» **MATERIAL TO PROCESS**:

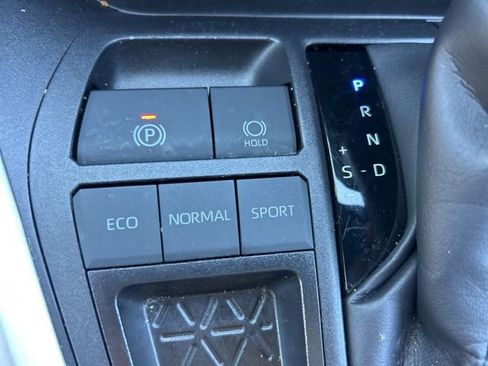 Used 2025 Toyota RAV4 XLE image 17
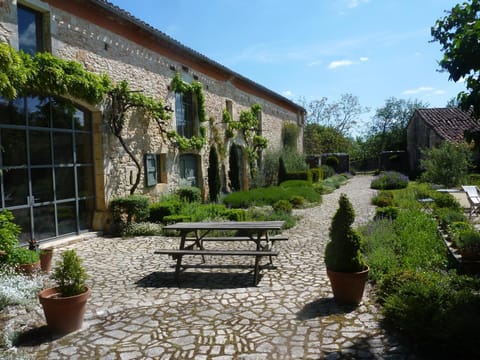 Property building, Facade/entrance, Garden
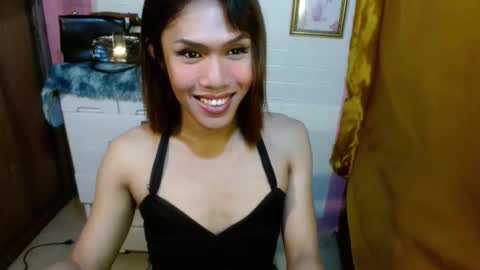 Snapshot of slutqueen_raz chatting on 02/10/26, 10:47 Raz online show from 02/10/26, 10:47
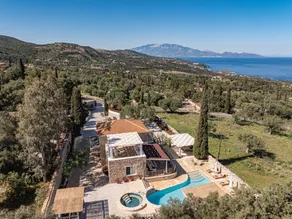 Luxury 3 Bedroom Villa | Private Pool | Sea View - Image 3
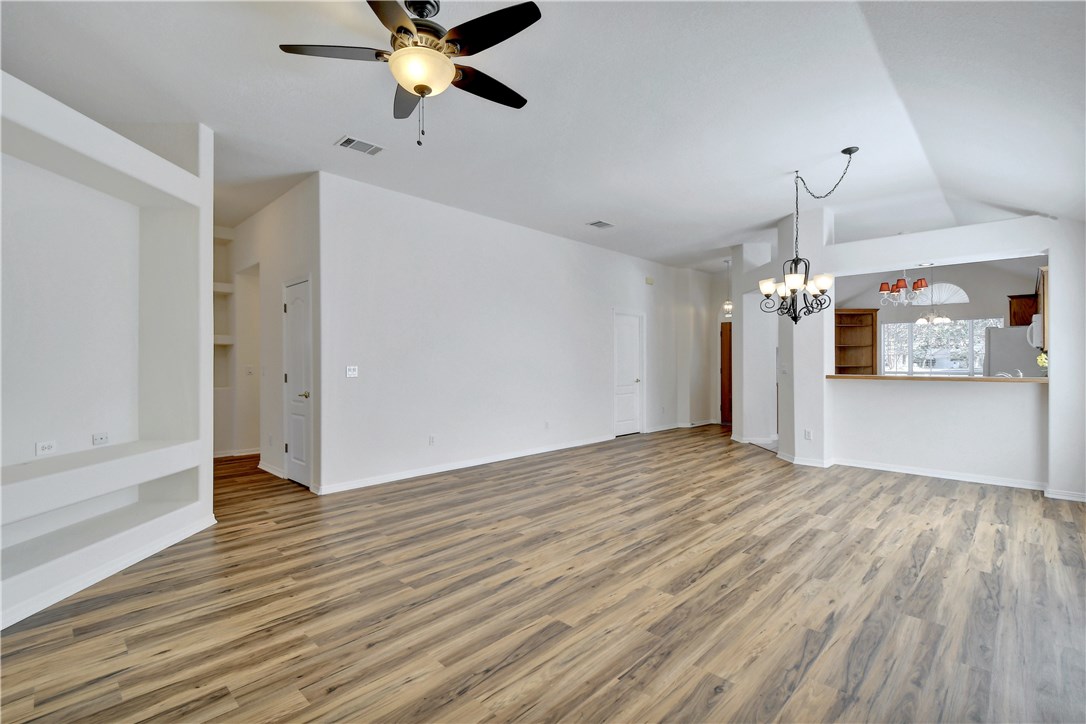 107 Texas Traditions , Georgetown, TX, 78628 | 5257436 | Realty Texas LLC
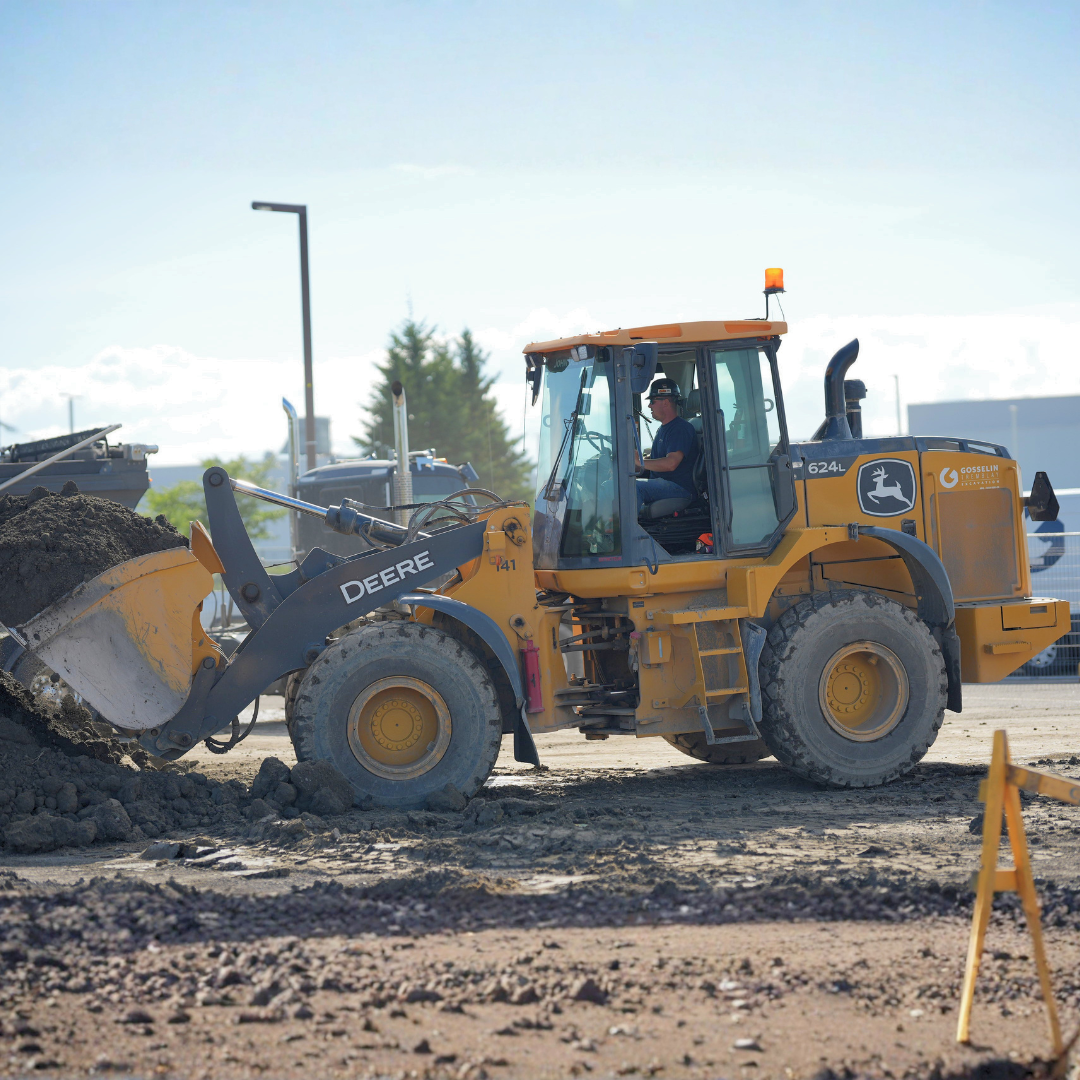 Loader Gosselin Tremblay Excavation sur un chantier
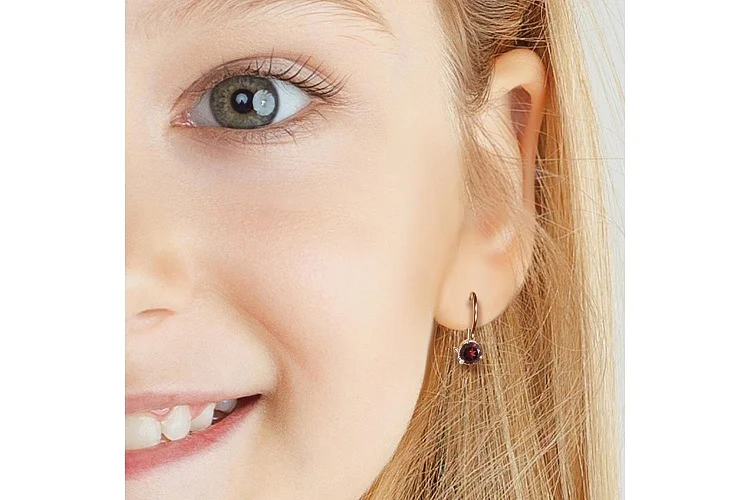 Детские серьги из красного золота с 2 гранатами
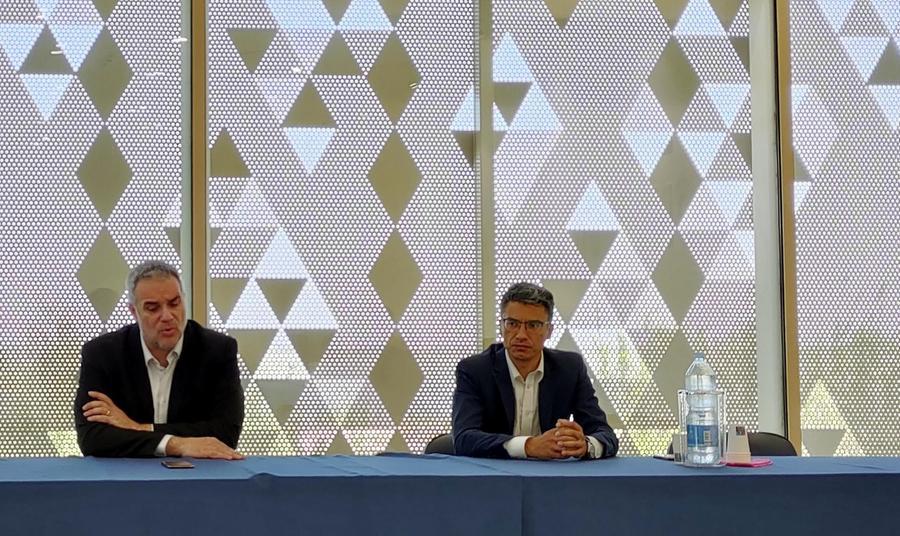 
	Muroni (Fondazione) a sinistra e Abis (Comune) a destra. Lo scontro sar&agrave; difficilmente ricomponibile

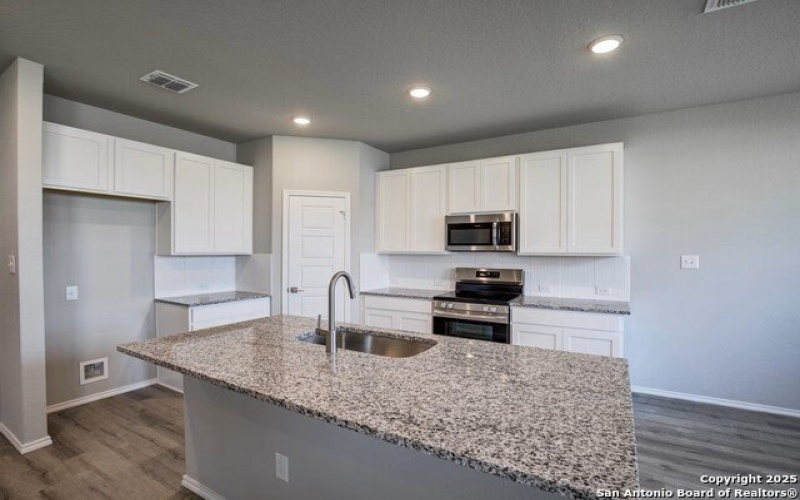 3453 Meteor Night, Converse, TX 78109, 3 Habitaciones Habitaciones , ,2 BañosBaños,Residential,En Venta,3453 Meteor Night,1849524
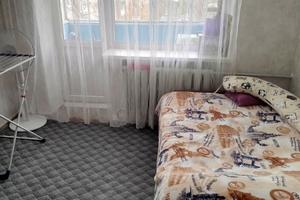 квартира за адресою Космонавтів просп., 74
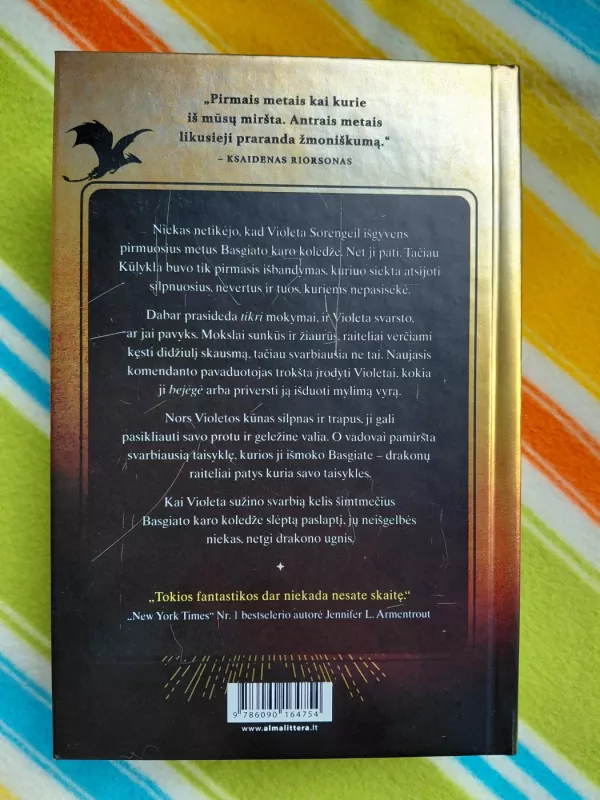 Ketvirtas sparnas, Geležinė liepsna - Rebecca Yarros, knyga 6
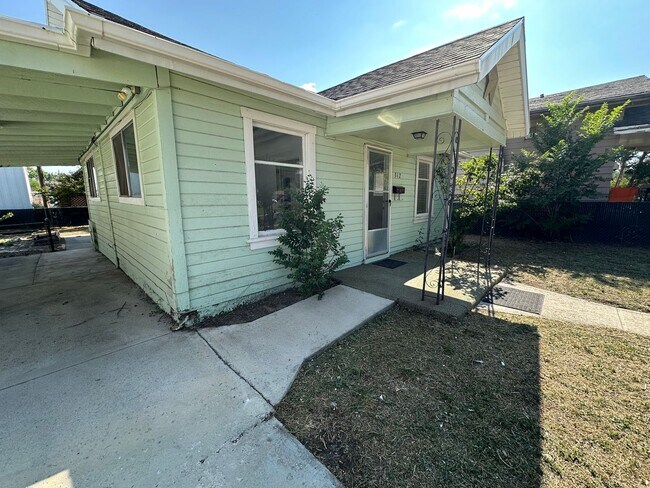 Building Photo - Cozy Price Rental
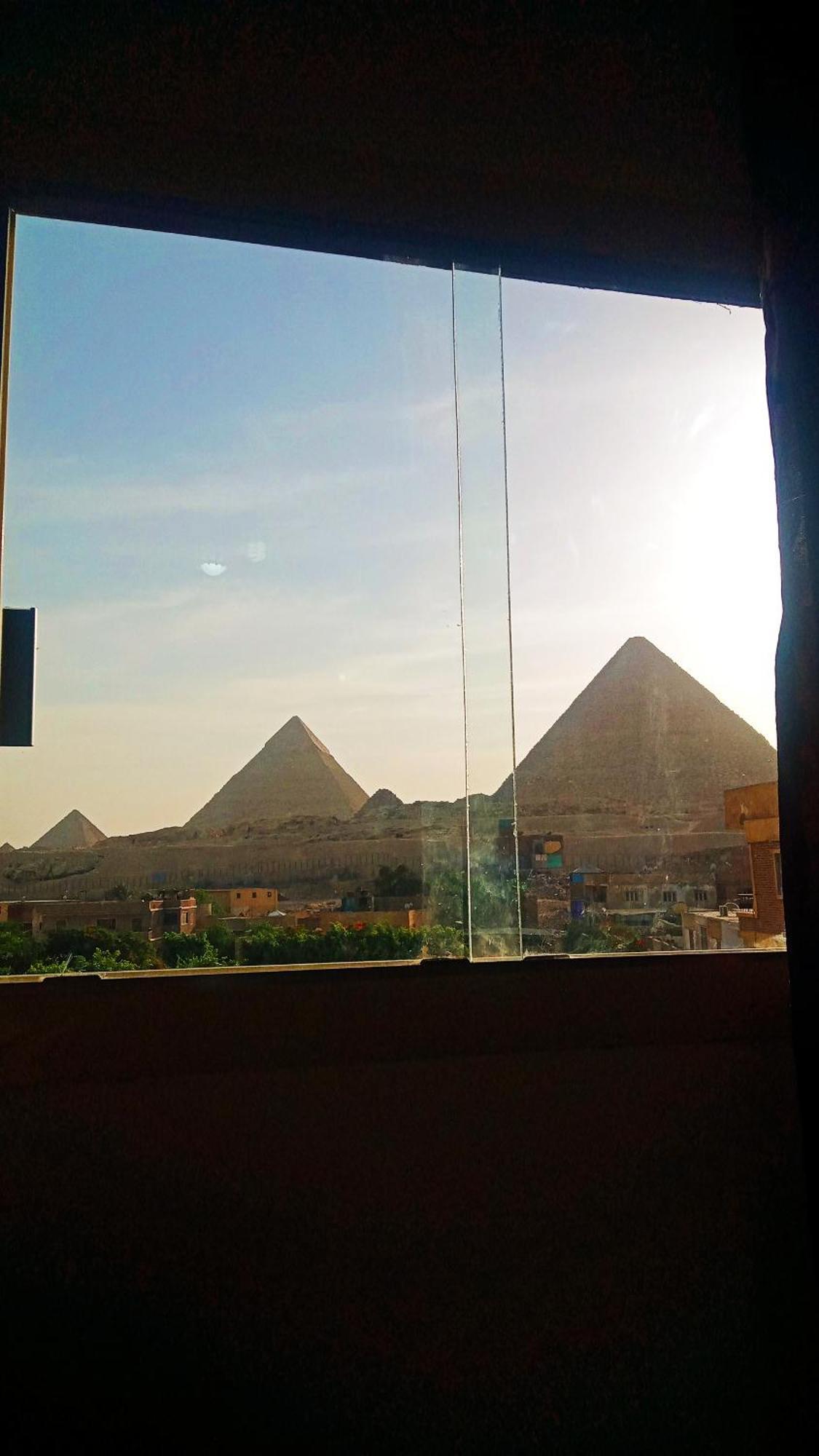 Pyramids Show Hotel Kafrat al Jabal Exterior foto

» **ACTION ITEM**:
The lines from the one containing "Ketvirtas sparnas, Geležinė" through the last line of the entries are to be copied exactly, both ends included, and the pictures are to be omitted.

» **RESPONSE**:
 Ketvirtas sparnas, Geležinė liepsna - Rebecca Yarros, knyga 6
 Building Photo - Cozy Price Rental
 Pyramids Show Hotel Kafrat al Jabal Exterior foto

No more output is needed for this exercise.